しかし青瀬はそろそろ、離婚した理由をきちんと娘に説明したいと考えているのでした。

 

一方、青瀬が勤務する「岡嶋設計事務所」所長の岡嶋。

 

彼らは大学の同期でもあるのですが、岡嶋の人格がガラリと変わったと評す青瀬。

20年以上の付き合いになるわけですが、後半で明かされる岡嶋一家のある秘密

これは切なかったです。

 

家族の概念、というか役割について考えさせられました。

 

横山秀夫「ノースライト」の本扉

 

さて、あらすじのところで書いたY邸の件ですが、何とも不可解です。

引っ越した形跡もなく、吉野さんの行方も分からず、謎の椅子が一脚だけ残されていたのですから。

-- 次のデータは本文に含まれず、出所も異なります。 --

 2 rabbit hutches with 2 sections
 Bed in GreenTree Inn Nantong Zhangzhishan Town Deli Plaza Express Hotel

タウトの足跡をたどり、確実に真実に近づいていく青瀬。

(少しずつ進んでいく展開に、やきもきしてしまうせっかちな私。)

ドイツ人であるタウトですが、わが故郷・仙台にいたこともあったのだとか。

 

吉野淘汰が青瀬に設計を依頼した目的は、意外なものでした。

二人を繋ぐ過去があったのです

 

主人公を含め、設計事務所勤務の人々が登場しますので、建築関係の専門用語が少しだけ理解できたような気になりました。

設計図を描き、模型を作って設備までも考える。

 

縁のない業界ですが、華やかですね。そして苦悩も多そうです。

 

登場人物の名前にも、意味が込められていました。

これは気付かなかった…!!

 

最後に

作中には様々な鳥が出てきます。

ヒヨドリ、セキセイインコ、ヒガラ、シジュウカラ、マヒワ、ベニマシコ、ジョウビタキ、などなど。

 

青瀬が九官鳥を飼育していた過去とも繋がるのかな、とも思いましたが、私は安住氏がラジオで度々語る、聞きなしの話を思い出してしまいました。

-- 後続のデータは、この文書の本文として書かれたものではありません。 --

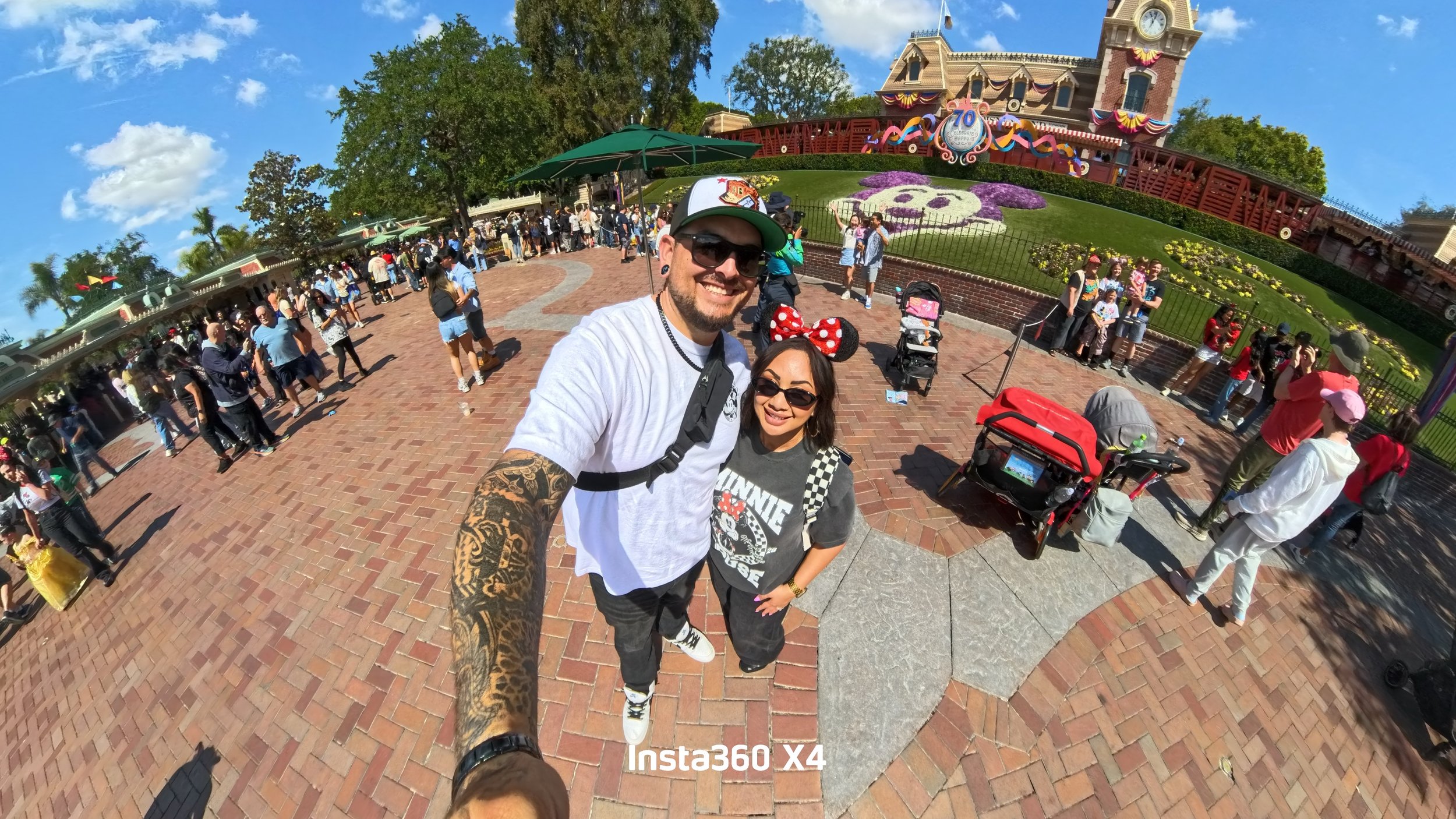 A man and a woman taking a selfie in front of Disneyland's Sleeping Beauty Castle during the park's 70th celebration.
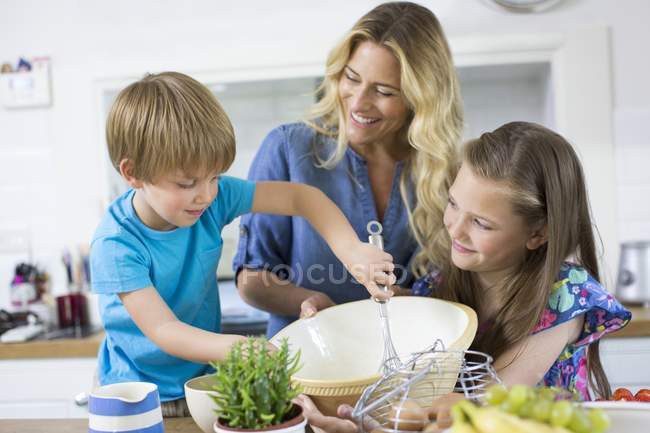 Mãe com filho e filha cozinhar na cozinha . — Fotografia de Stock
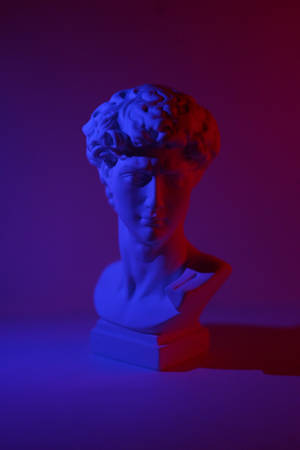 A Bust Of David With Blue And Red Lights Wallpaper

ツバメの鳴き声は「つちくって むしくって くちしぶーい」。だとか。

不思議ですよね。なるほど、それらしく聴こえます。

 

青瀬の乗る「シトロエンの車」。

はて、どんなだった?と検索してしまいました。

 

ノースライトのドラマは、12月に放送予定だとか。

どんな映像に仕上がっているのか、今から楽しみです。